Hi Chad, Like Mathias I'm not very enthusiastic about the approach that you're taking here - but there is plenty of space for different approaches, so if you want to do it like this you are welcome to do so. My own approach has been to: - Store text in sequence-of-byte containers of whatever sort seem appropriate, i.e. std::string, std::vector<char>, raw memory etc. - Use iterator adaptors to access that data as UTF-8 when appropriate. - Use std::algorithms like find(begin,end,what) rather than std::string members. This works for me, and I recommend it. So I have one comment on this exchange: Chad Nelson wrote:
There is no need for any reasoning: look at the code of your code point iterator. It uses a pointer and indexes, and is therefore not a generic iterator adaptor.
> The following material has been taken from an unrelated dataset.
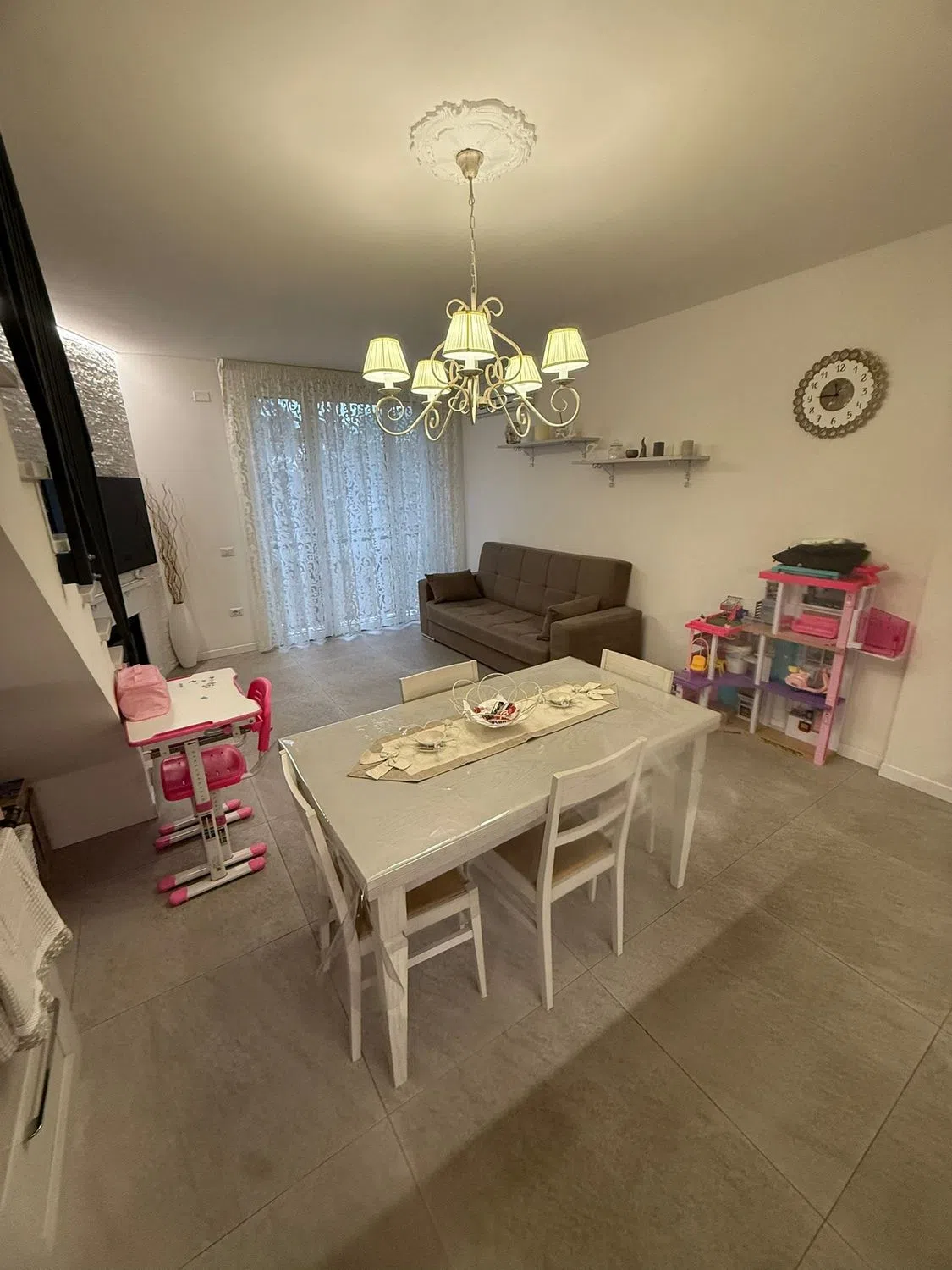 Appartamento su due piani in viale Belfiore s.n.c. - Photo 18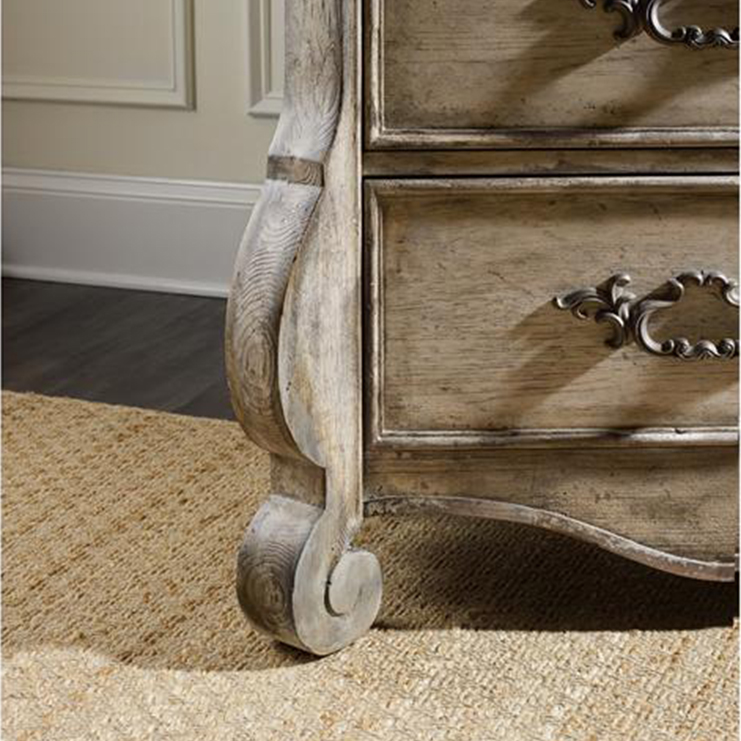 Фото Комод для спальни - стиль Французский шик - Для спальни - Купить в Интернет-магазине Фото Комод для спальни - стиль Французский шик - Для спальни - Купить в Интернет-магазине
It wasn't meant to be generic. It was meant to be exactly what it is: an iterator specific to the UTF type where it's defined. For that purpose, it's designed exactly as it should be, IMHO.
Iterating through code points is fully generic and should work for any forward iterator or bidirectional iterator, not just a pointer.
I could make it fully generic, but it wouldn't be nearly as efficient that way. I chose to do the extra work to make it efficient.
I have to challenge your efficiency comment. I have UTF-8 encoding and decoding that works with generic iterators, including pointers, and I have no efficiency issues resulting from its genericity. In fact I spent some time carefully optimising it and I believe that when used with pointers it is as good as I could get by writing it in assembler. Regards, Phil.